The air is Crisp with the fragrance of Old Bay Seasoning and Steamed Blue-Claw crabs as we pull into the slip at the Crab Claw Restaurant in St. Michael's, Maryland, a favorite port of call. It's leisurely Chesapeake dining at its finest; white paper lined picnic tables with personal paper towel dispensers and wet naps galore; A pitcher of beer and you're well prepared to sit back and watch the boats go by as you pick crabs, and feed the baby ducklings who eagerly await your seasonal arrival.
They're not at all shy, and we happen to be here just as the the mother begins her first lesson of the day: panhandling 101.
Lesson 1: Waddle by and look cute.
She's brought them ashore and they follow her along the edge of the dock where the tables are, ready to receive crackers and bits of crab from folks like us who can't resist. When they've had their fill, it's time for
Lesson 2: Jumping from the dock into the water below.

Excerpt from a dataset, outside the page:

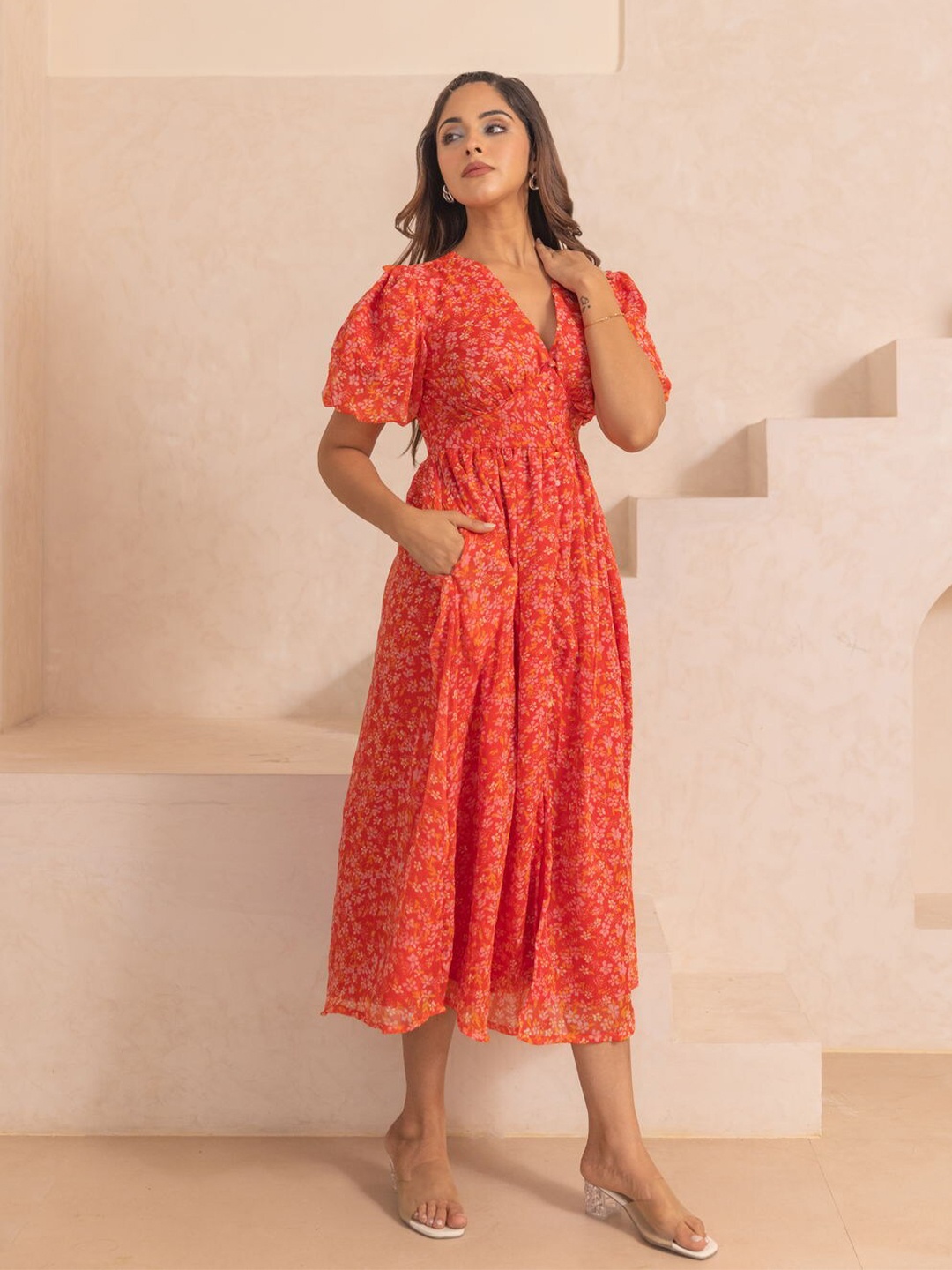 

Polago Clothing Floral Printed Puff Sleeves Chiffon A-Line Midi Dress, Red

Without warning, mom lifts off and changes local. The ducklings protest, "cheep, cheep, cheep, cheep!" They pace back and forth, unsure of what to do next, awaiting her able guidance. The mother dips the lower half of her beak in the water and flicks it up towards the ducklings suggesting it's their turn. We all wait with bated breath. It's a good four feet down, and they're all but a few ounces of fluff. They pace and cry some more. She continues to encourage, despite their campaign, gradually getting a little farther away. It's more suspenseful than any soap opera I've seen. The chirping subsides and the ducklings resign, one by one and take their own personal plunge. Everyone sighs.
Lesson 3: Moving On.
Although there is a guaranteed meal here, you must learn to fend for yourselves, to find food of your own.

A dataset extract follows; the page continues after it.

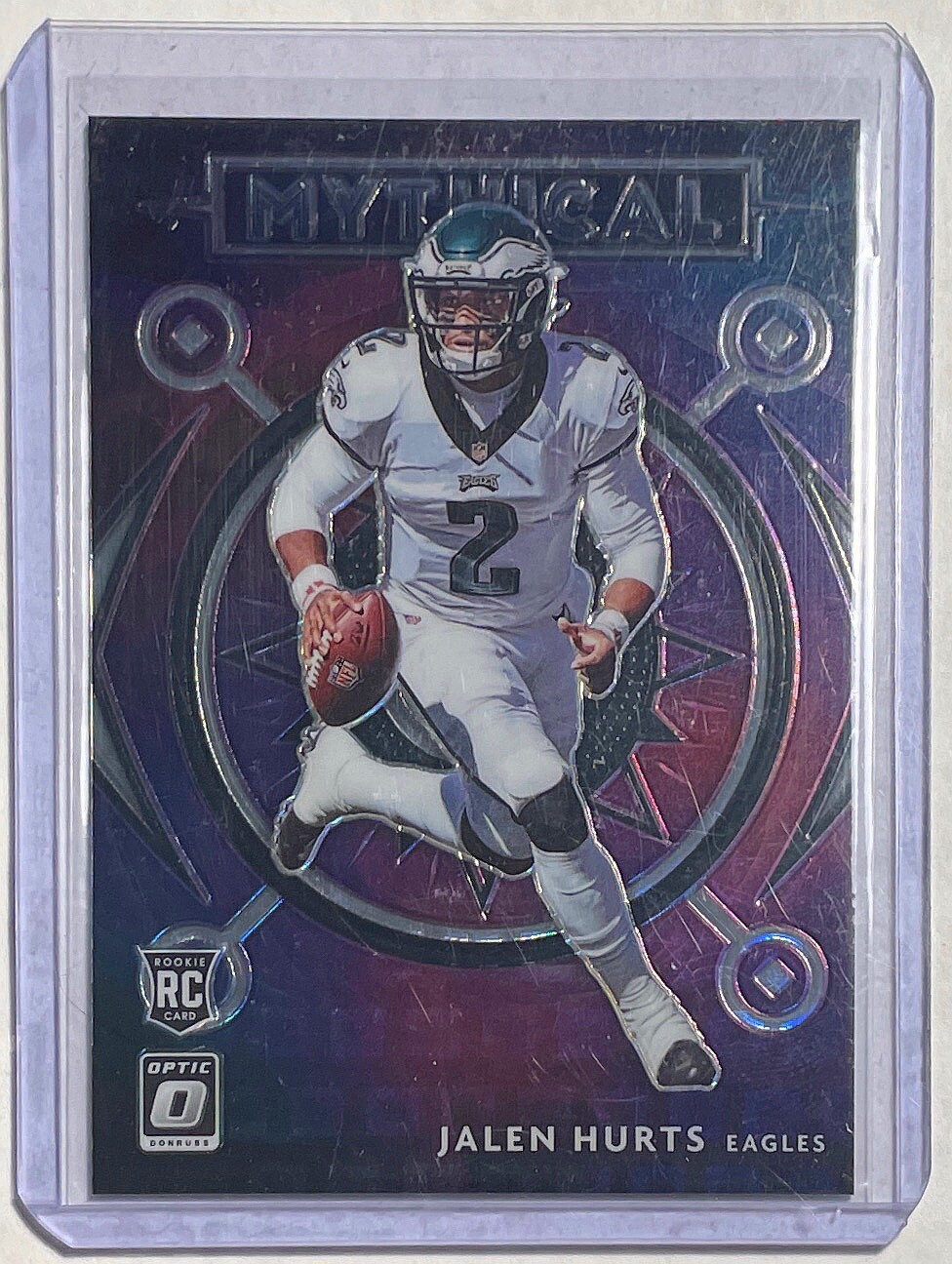 JALEN HURTS 2020 DONRUSS OPTIC MYTHICAL BLACK PANDORA PRIZM ROOKIE RC #D 13/25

There are plenty more lessons to be learned before they take a maiden voyage of their own; lots of tinkering and tending to, before they become seasoned mates. But their Captain is able and certain of their potential for independence. Deep down she knows that soon they'll want to stray without her encouragement. Soon they'll be less eager for family adventures, less dependent on parental lessons and more eager to take personal plunges of their own. Personal plunges outside of Saint Michaels;outside of the security of what The Crab Claw can provide: lessons that only the great body of the Chesapeake Bay can teach.
Despite our Campaign,
One young Spring Day they'll motor off to their own destinations, seasoned now and ready for whatever the Chesapeake Bay has to offer,
Prepared to fend for themselves, to find food of their own.
"Today, I am amazed at the things my children have done, and their wide range of interests. They are all living their lives and not the ones I would have planned for them. But I have learned that their lives are theirs, not mine, and in living their own lives, they have given me experience and an education I would never have had if I had been fool enough to make them do what I thought they should do."